SUPPLIED MATERIAL:
+++

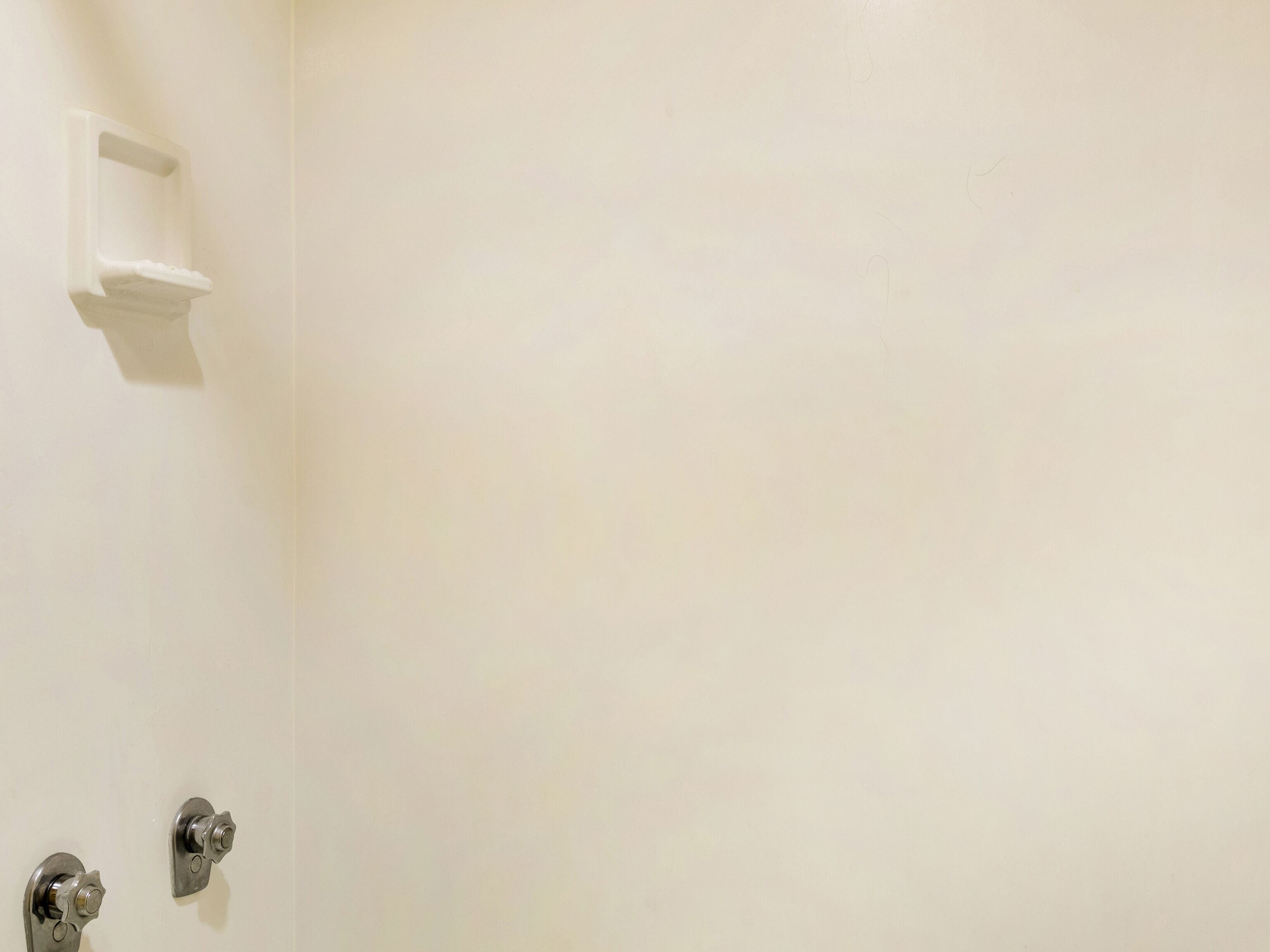 A bathroom with a white wall, a small shelf, and two metallic fixtures.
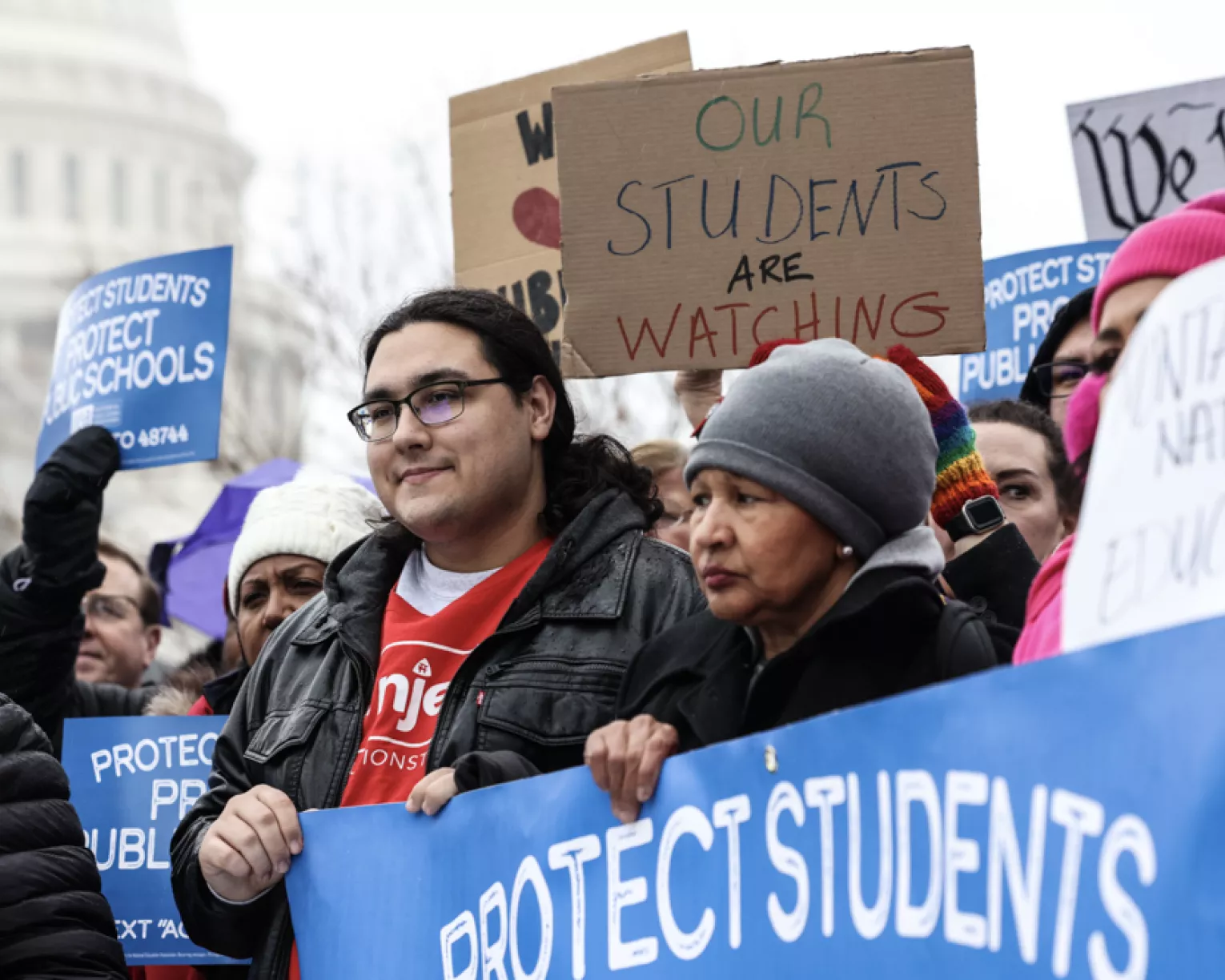 A crowd of people holding various signs about supporting public education.
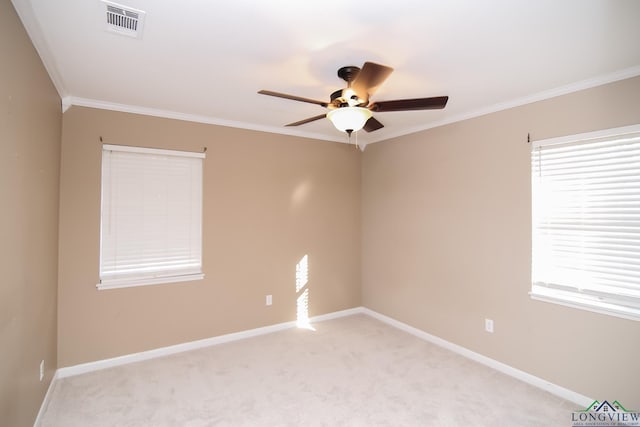 spare room featuring light colored carpet, baseboards, and ornamental molding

+++

WORK ORDER: Images stay out, but the rest of the data above must be repeated exactly.

COMPLETED TASK:
 A bathroom with a white wall, a small shelf, and two metallic fixtures.
 A crowd of people holding various signs about supporting public education.
 spare room featuring light colored carpet, baseboards, and ornamental molding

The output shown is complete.